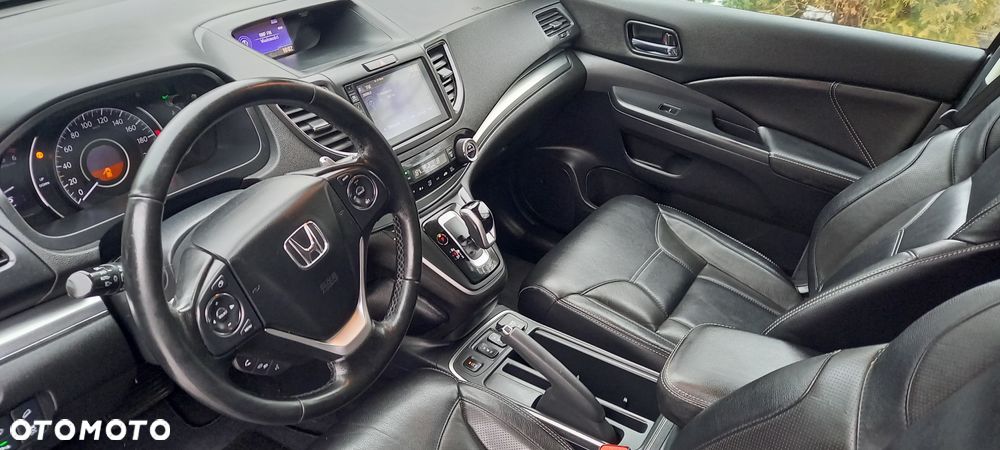 Honda CR-V 1.6i DTEC 4WD Automatik Executive - 23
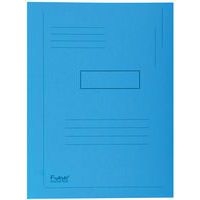 Set 50 chemises 2 rabats forever 280g/m² 24x32cm Assorties - Image principale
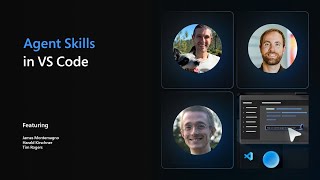 Agent Skills in VS Code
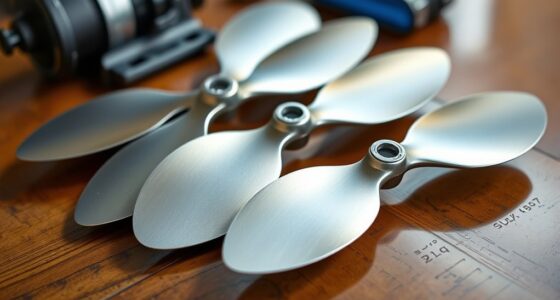 top bait boat propeller upgrades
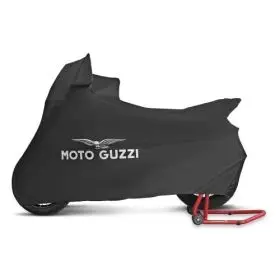 Moto Guzzi Motorhoes Binnen bij Goedhart Motoren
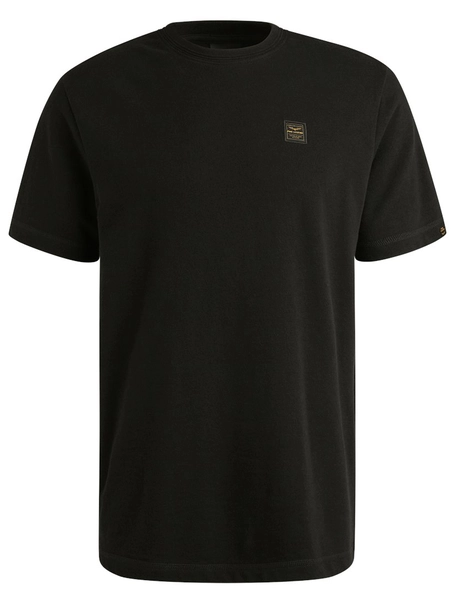 PME Legend Short sleeve r-neck heavy slub jer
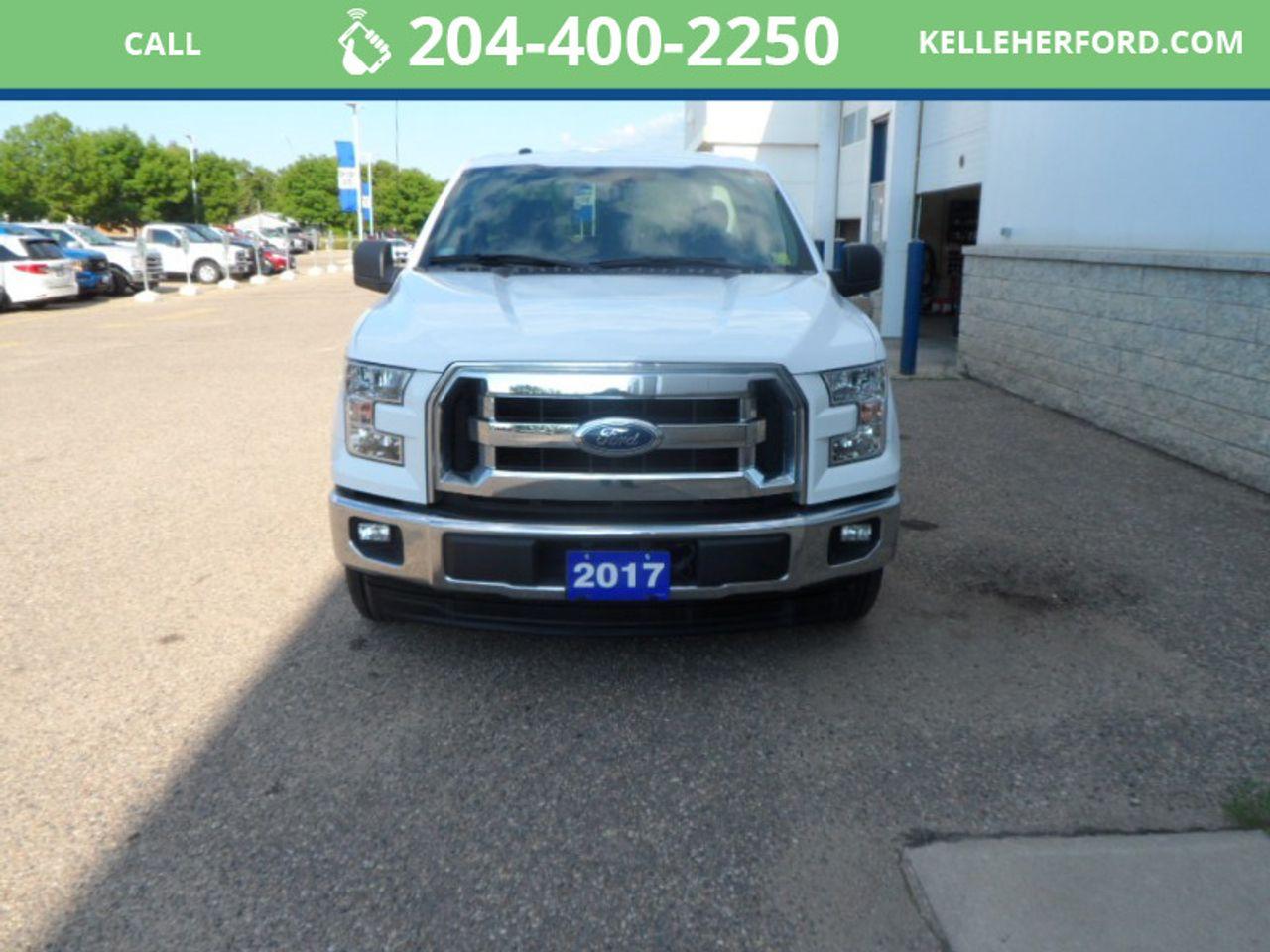 2017 Ford F-150 XLT-1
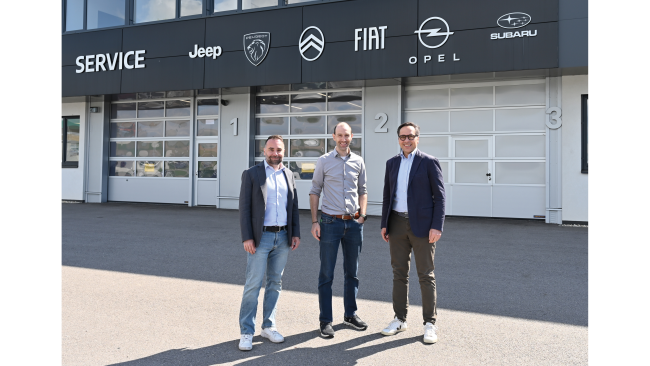 Starke Partnerschaft 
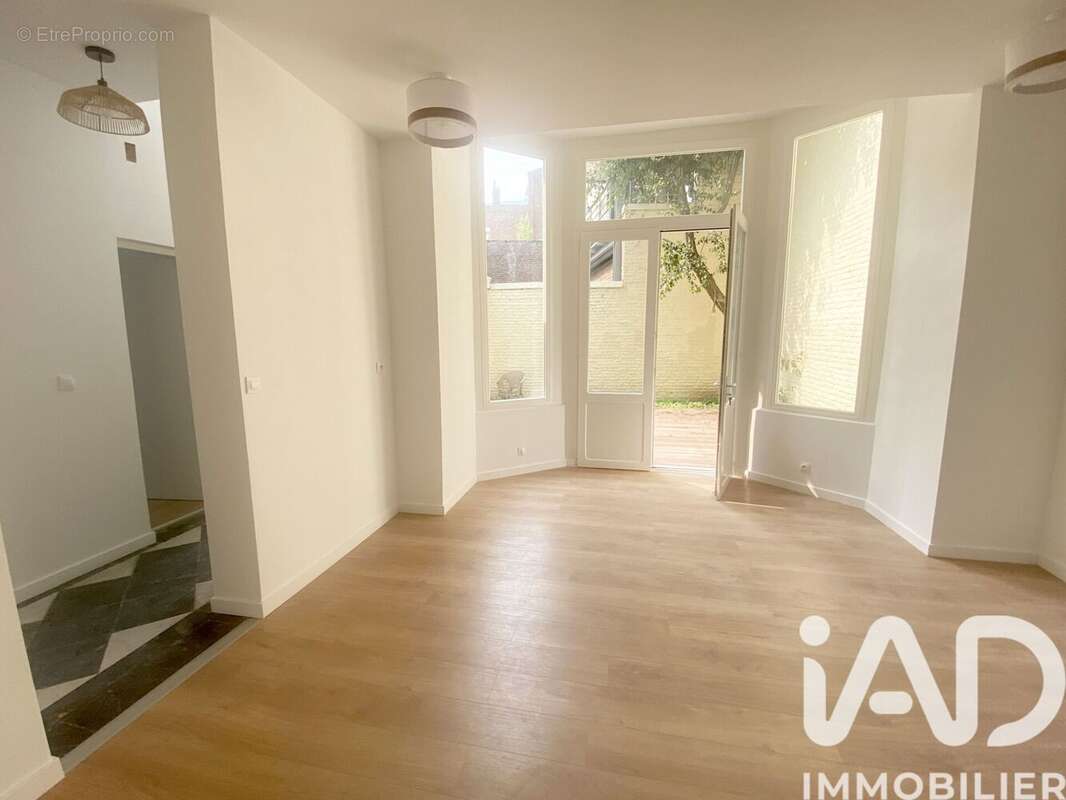 Photo 2 - Appartement à LILLE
=====
*Problem details:* Retype each line above exactly. Leave the images out.

*Result:*
 Honda CR-V 1.6i DTEC 4WD Automatik Executive - 23
 Set 50 chemises 2 rabats forever 280g/m² 24x32cm Assorties - Image principale
 Agent Skills in VS Code
 top bait boat propeller upgrades
 Moto Guzzi Motorhoes Binnen bij Goedhart Motoren
 PME Legend Short sleeve r-neck heavy slub jer
 2017 Ford F-150 XLT-1
 Starke Partnerschaft 
 Photo 2 - Appartement à LILLE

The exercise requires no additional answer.